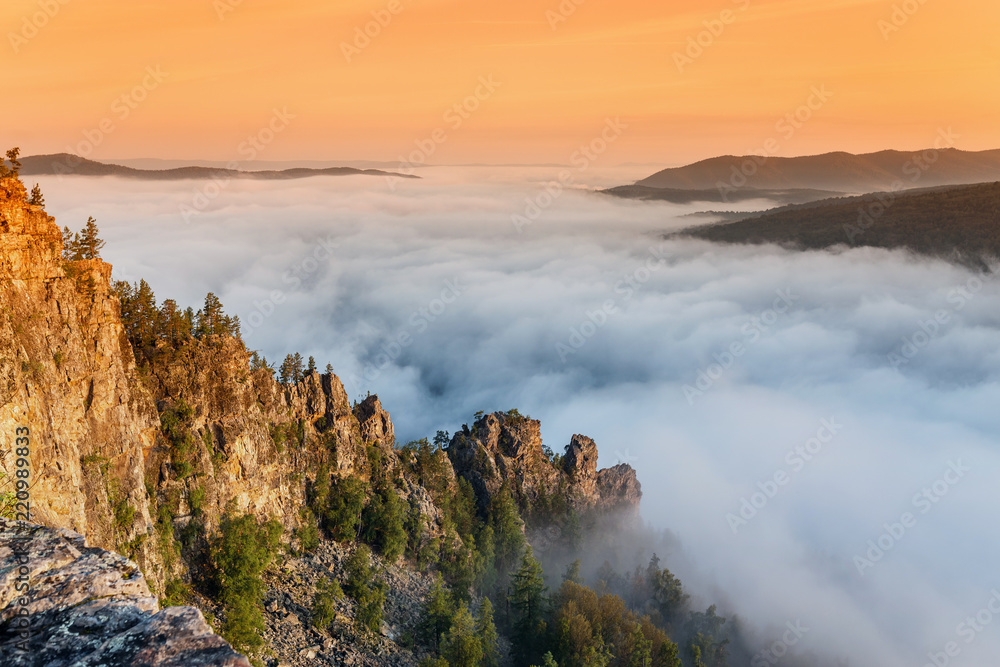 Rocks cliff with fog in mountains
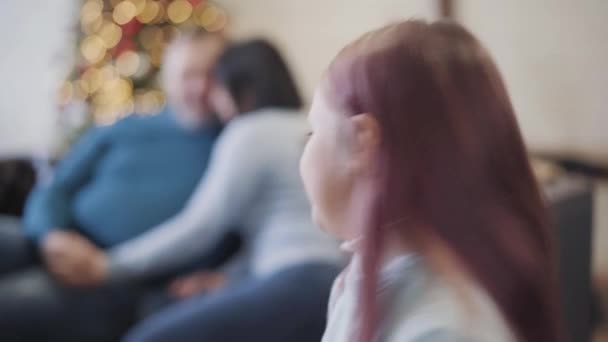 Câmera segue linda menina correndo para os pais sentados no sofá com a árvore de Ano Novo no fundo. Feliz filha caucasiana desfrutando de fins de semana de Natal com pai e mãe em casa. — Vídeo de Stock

---

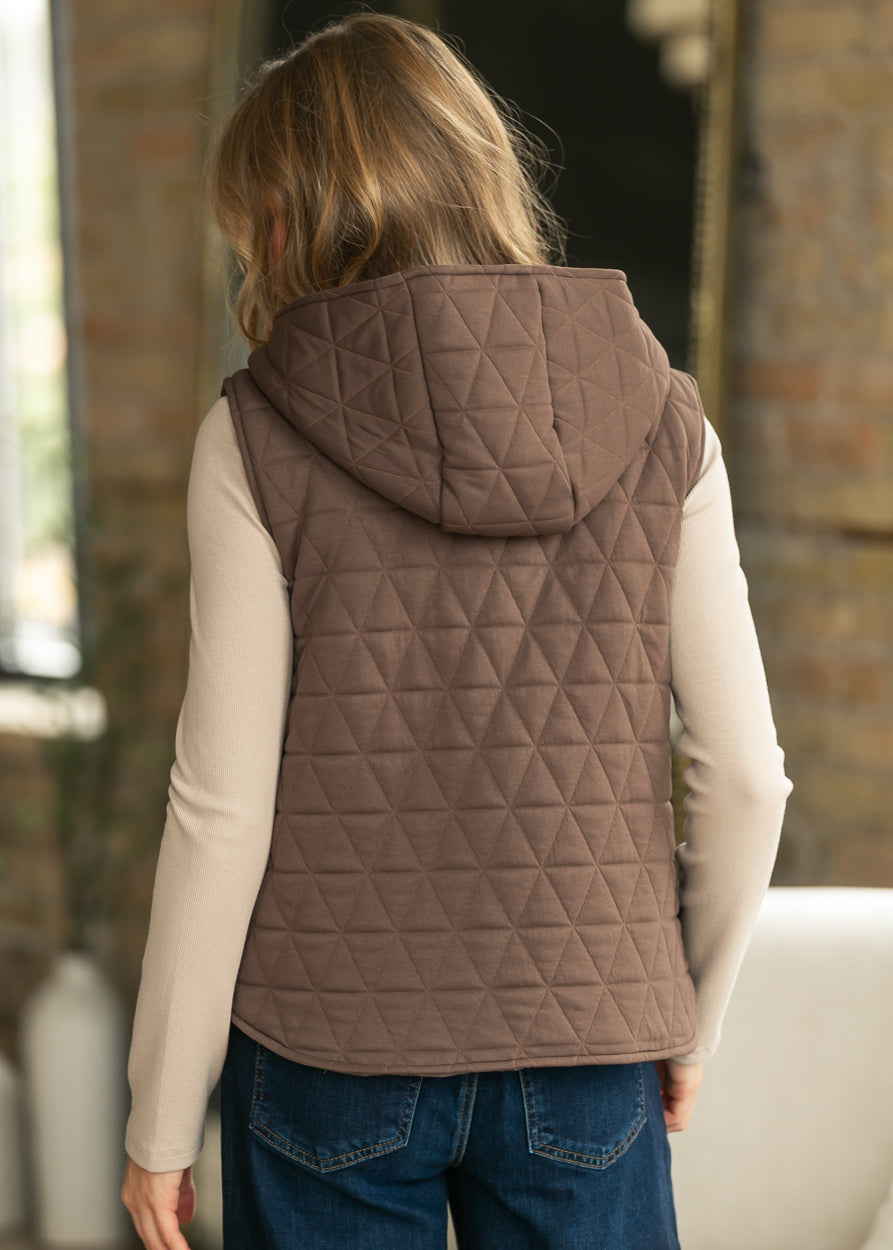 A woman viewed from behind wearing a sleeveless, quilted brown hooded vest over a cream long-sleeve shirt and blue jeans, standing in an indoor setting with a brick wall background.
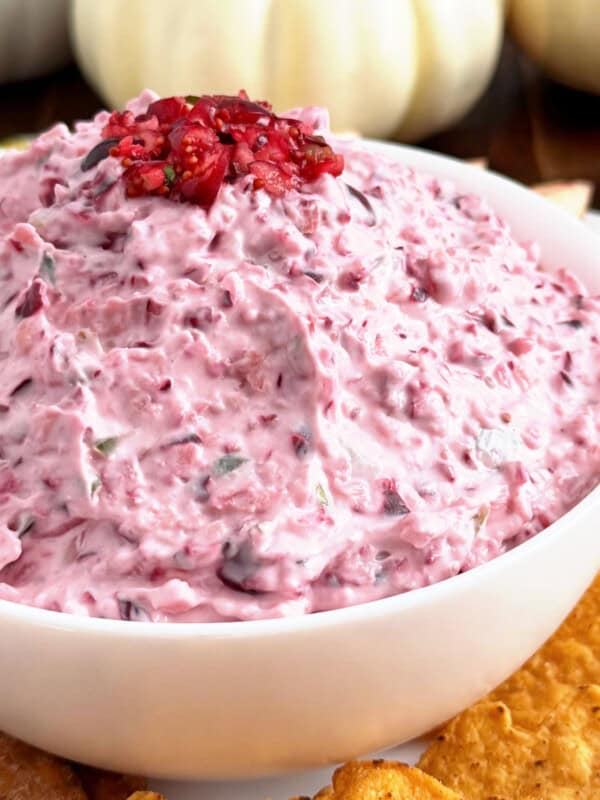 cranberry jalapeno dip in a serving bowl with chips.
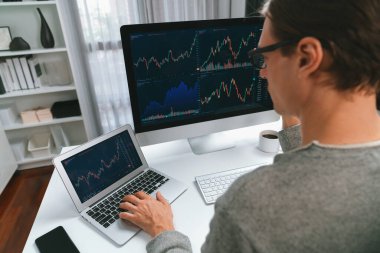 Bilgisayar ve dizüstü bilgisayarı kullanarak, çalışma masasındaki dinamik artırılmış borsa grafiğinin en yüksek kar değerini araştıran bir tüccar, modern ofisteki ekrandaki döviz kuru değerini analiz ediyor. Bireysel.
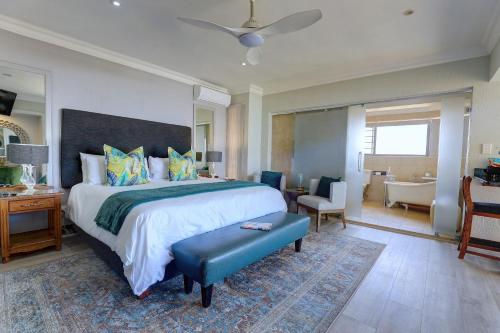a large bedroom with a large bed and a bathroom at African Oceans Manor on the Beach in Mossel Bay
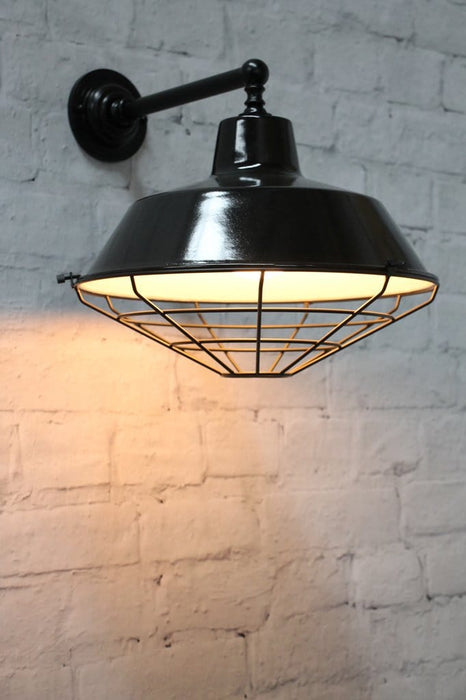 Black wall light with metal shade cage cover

---

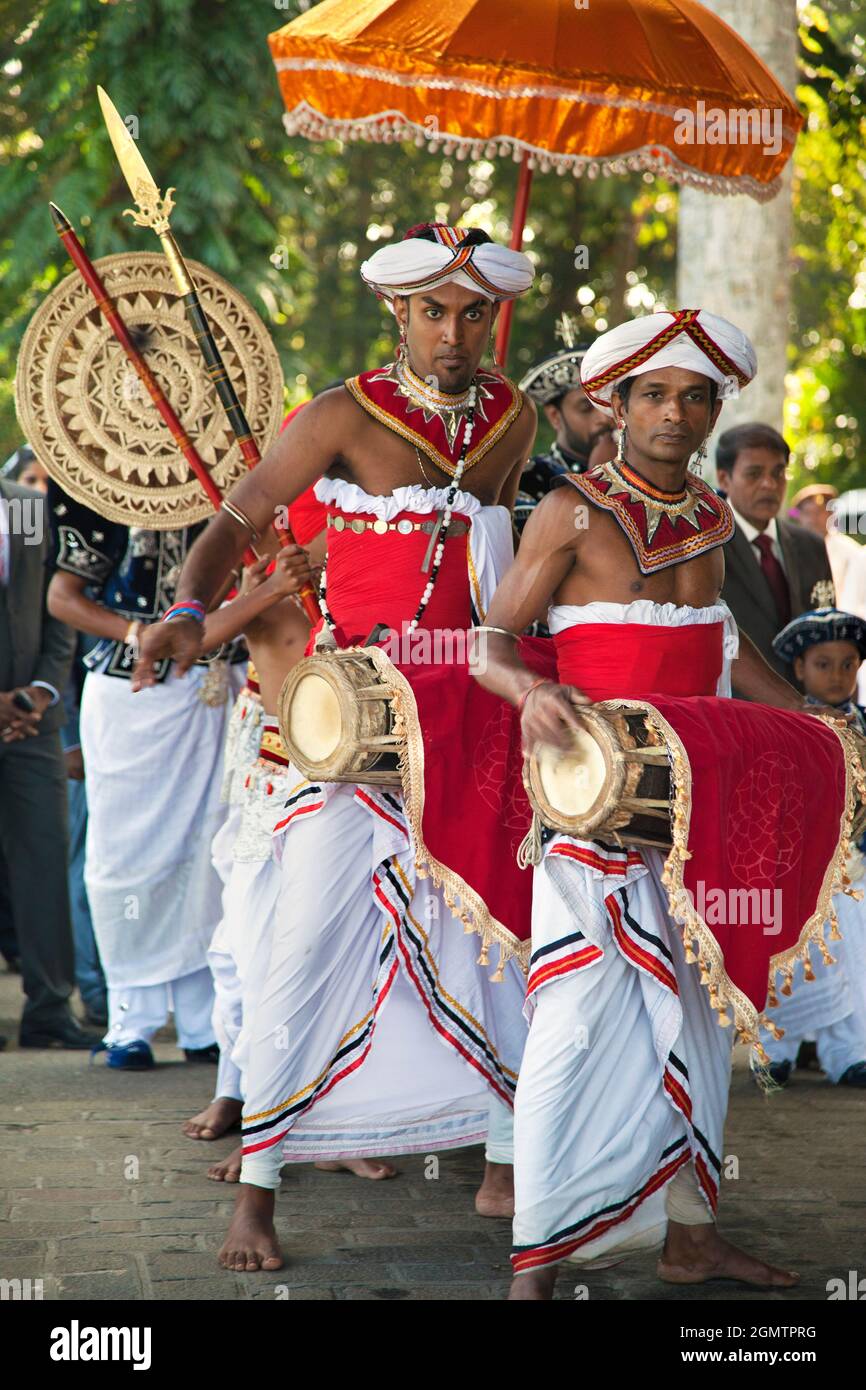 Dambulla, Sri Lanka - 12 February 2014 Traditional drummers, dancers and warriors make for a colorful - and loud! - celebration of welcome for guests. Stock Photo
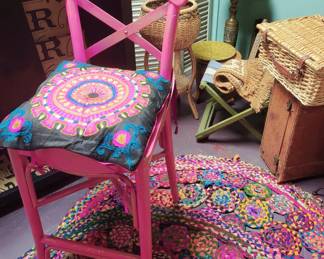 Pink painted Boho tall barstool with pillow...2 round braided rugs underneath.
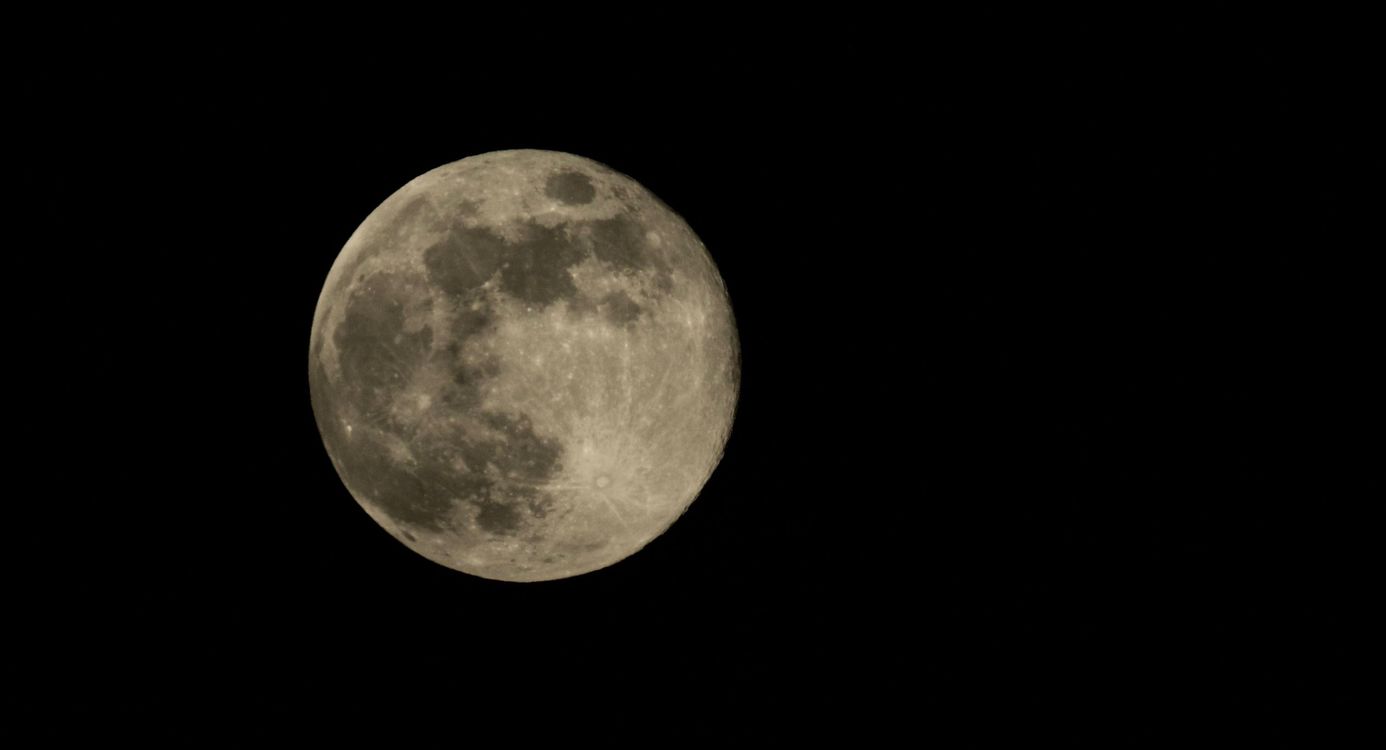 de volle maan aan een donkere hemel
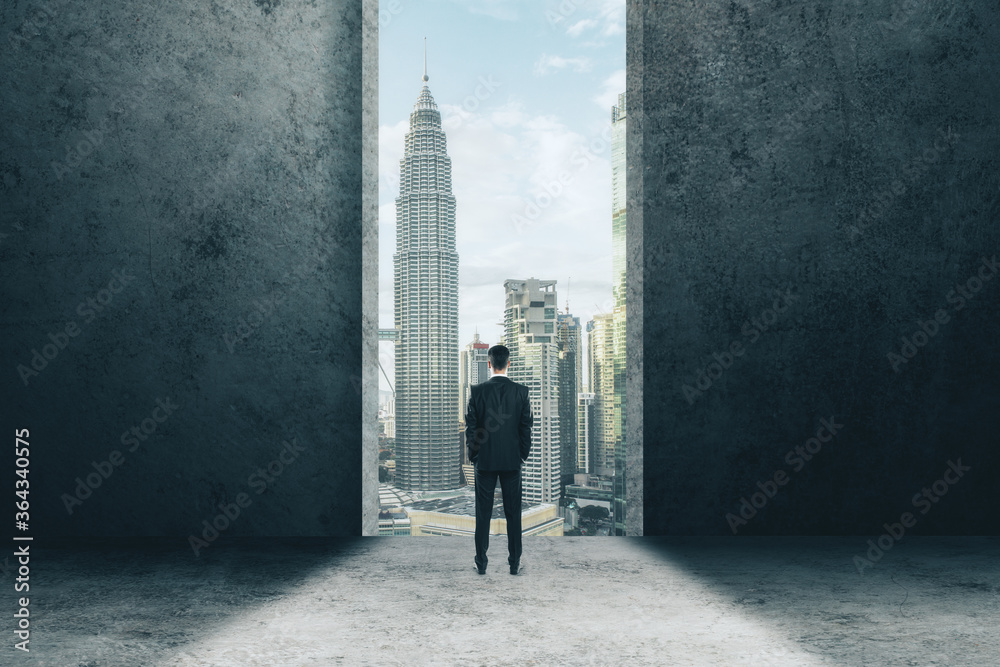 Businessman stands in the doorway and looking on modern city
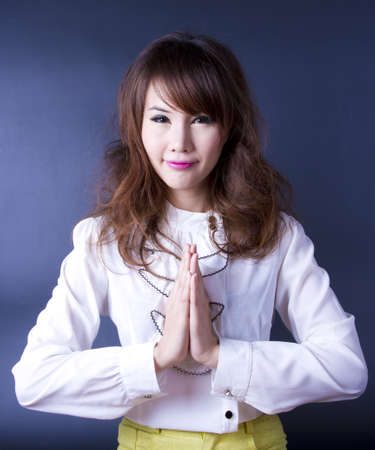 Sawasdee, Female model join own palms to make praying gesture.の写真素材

* _What is being asked_
From the data above, return only the lines starting at the line that holds "Pink painted Boho" and ending at the line that holds "Sawasdee, Female model", word for word and without pictures.

* _Response_
 Pink painted Boho tall barstool with pillow...2 round braided rugs underneath.
 de volle maan aan een donkere hemel
 Businessman stands in the doorway and looking on modern city
 Sawasdee, Female model join own palms to make praying gesture.の写真素材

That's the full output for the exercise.